JOL Press : Dieudonné est-il le premier humoriste qu’on cherche à stopper ?

Jean-Philippe Feldman : Les plaintes contre les humoristes sont extrêmement fréquentes. Je me souviens par exemple de Robert Fauré, père d’un enfant trisomique, qui avait demandé réparation pour un sketch de l’humoriste Patrick Timsit qui s’en prenait aux « mongoliens [chez qui] tout est bon, sauf la tête, comme les crevettes roses ». Finalement les deux parties avaient trouvé un accord et l’humoriste avait retiré le sketch de son spectacle. On ne compte plus, par ailleurs, la multitude de procédures que le Front national a lancées à l’encontre de Thierry Le Luron.

JOL Press : En matière de liberté d’expression et au regard de l’affaire Dieudonné, le droit doit-il évoluer ?

Jean-Philippe Feldman : Il existe une différence entre le régime français et le régime américain où la liberté d’expression est quasi-totale. Mais dans tous les pays occidentaux domine le principe de l’absence de censure malgré quelques exceptions. Pendant très longtemps en France, le champ de ces exceptions était très large, en revanche dans les pays anglo-saxons ces exceptions sont vraiment exceptionnelles. Certains pays vont privilégier le respect de l’ordre public, de la sécurité nationale, d’autres la morale et les bonnes mœurs. Les lois luttant contre l’antisémitisme ou le racisme, pour lesquelles la France était très avant-gardiste, se sont ensuite répandues dans toute l’Europe comme des exceptions à la liberté d’expression.

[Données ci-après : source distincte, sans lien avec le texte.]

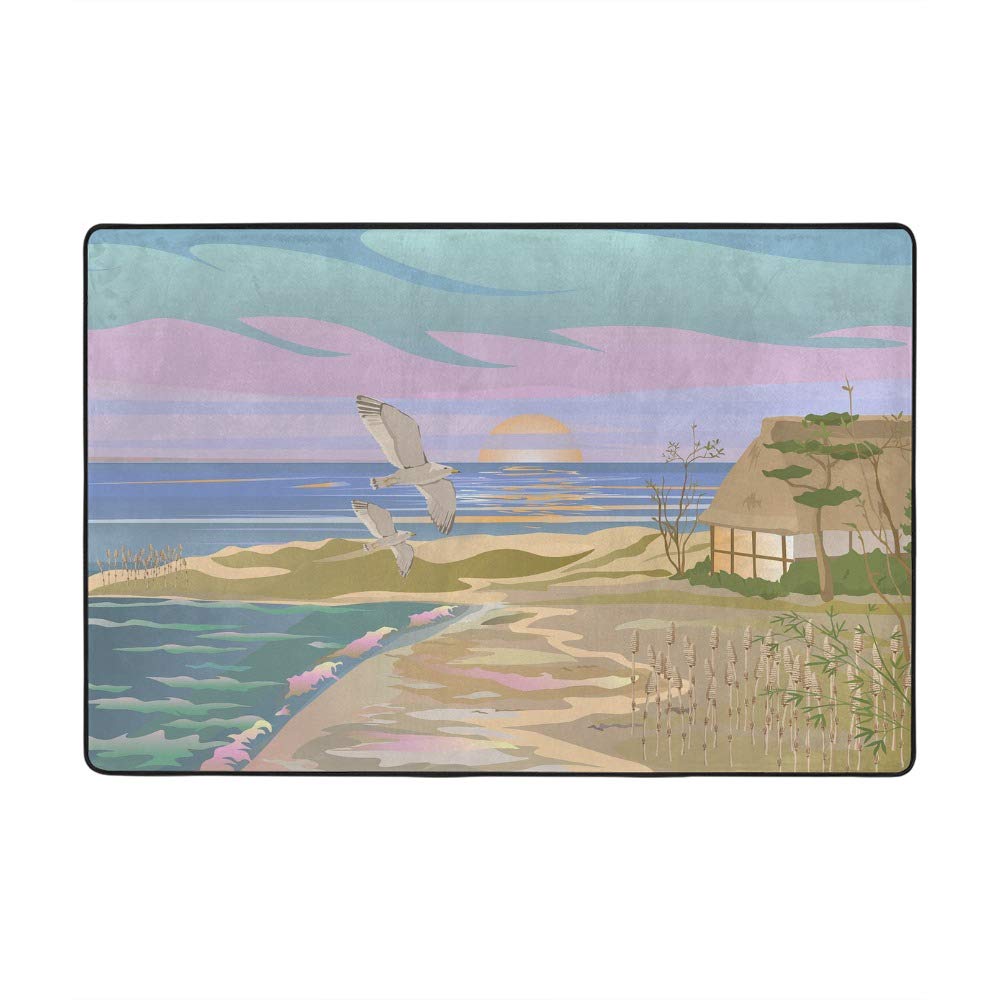 Grand tapis de salon Ruchen 152x99 cm en velours corail doux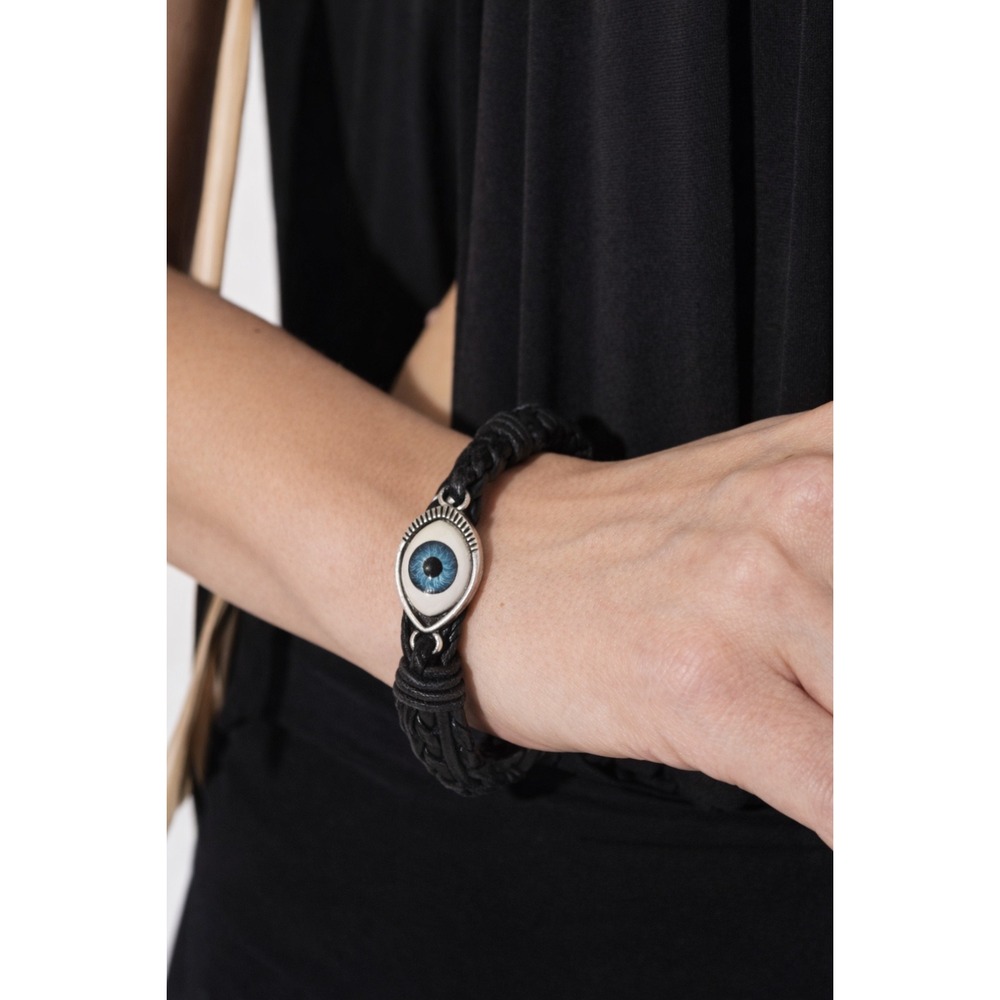 Black Braided‎ Leather Evil Eye Bracelet Blue Charm Silver Tone Clasp 8.25 Inch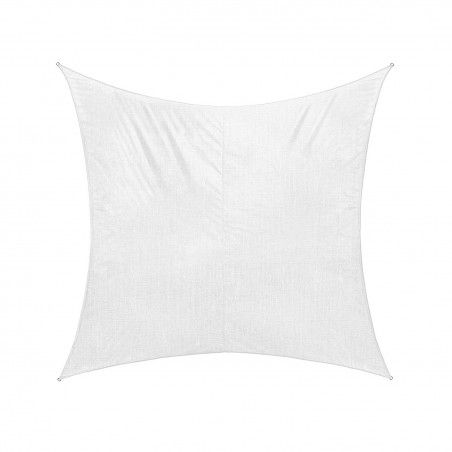 Vela Quadrata in Poliestere, Parasole Completo di Anelli 3,6 mt Bianco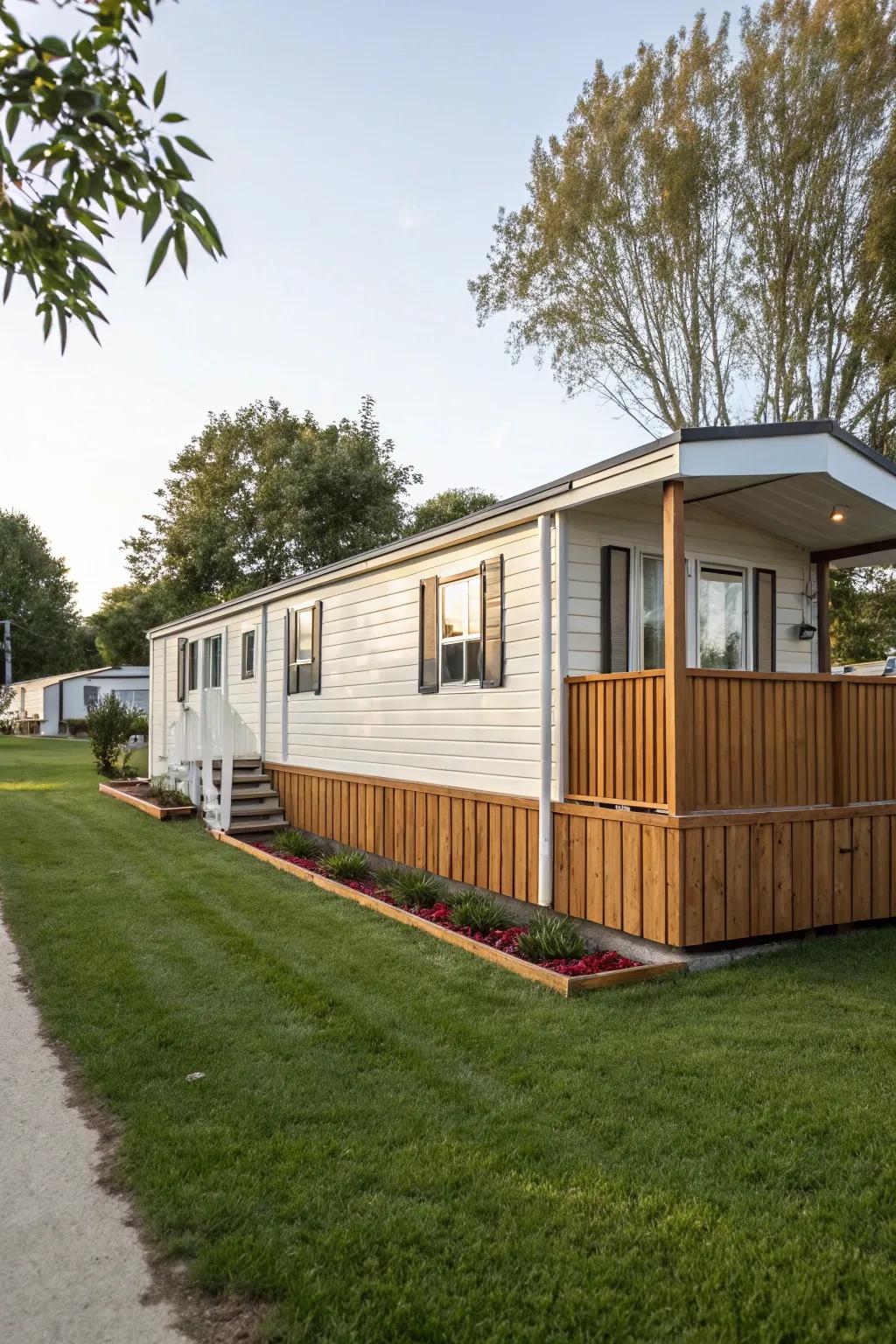 Horizontal wood siding results in a classic and consistent appearance for your mobile home.
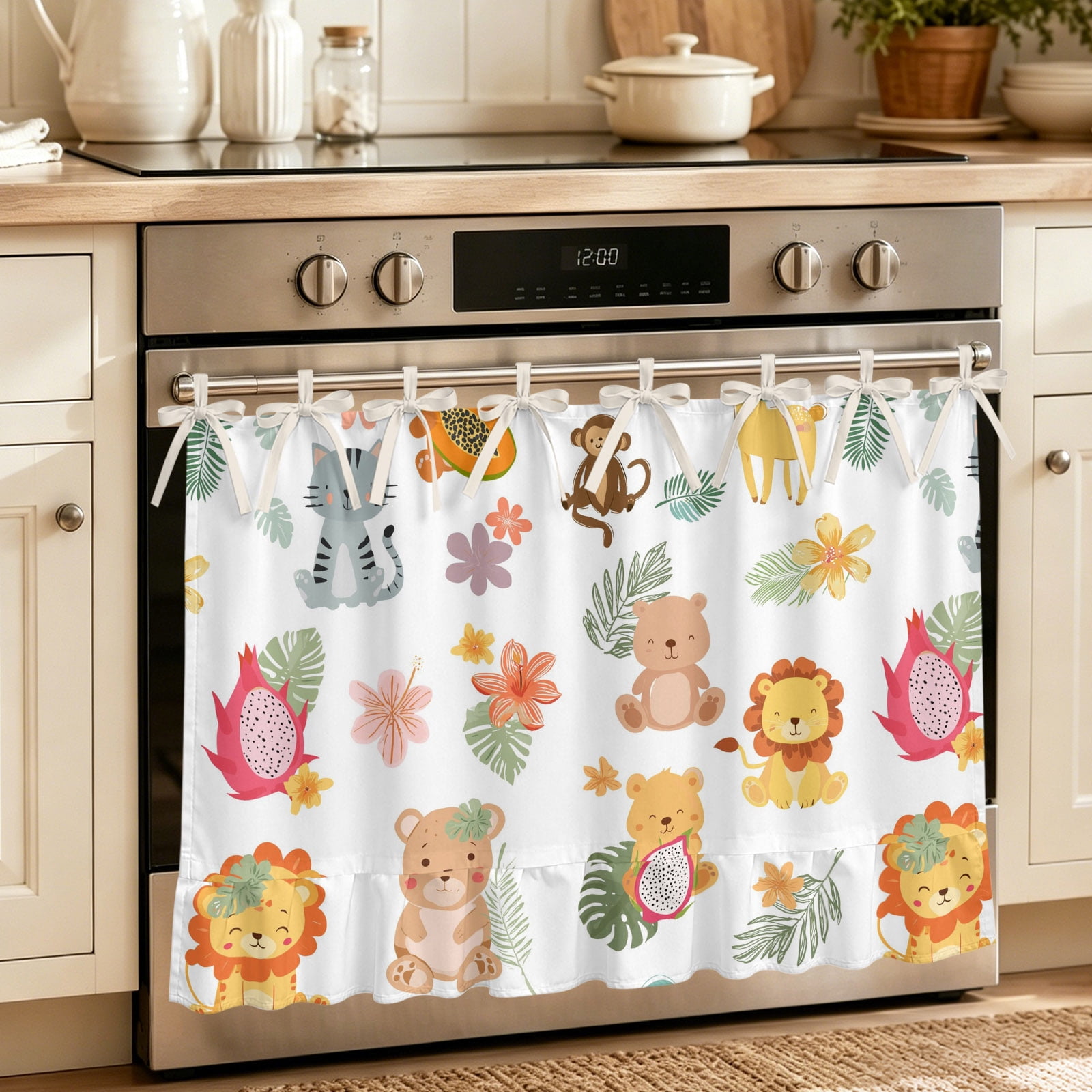 Oven Skirt Curtain for Kitchen 21.5x30 Inch Cartoon Oven Curtain with 8 Ribbon Ties & Ruffle Trim Stove Skirt Curtain Dishwasher for Cabinets Over Sinks Funny Lions Camels Tropical Monstera Plants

Propos recueillis par Marine Tertrais pour JOL Press

Jean-Philippe Feldman, avocat à la Cour de Paris au sein du Cabinet Feldman depuis 1996, a obtenu son doctorat en droit (université Paris II-Panthéon-Assas) en 2000. Après avoir été maître de conférences à l’université Paris II entre 2002 et 2004, il devient cette même année agrégé des facultés de droit. Il est actuellement professeur à l’université Bretagne-Sud. Il est aussi depuis 2009-2010 maître de conférences à Sciences-Po où il enseigne, avec Mathieu Laine, l’introduction au libéralisme.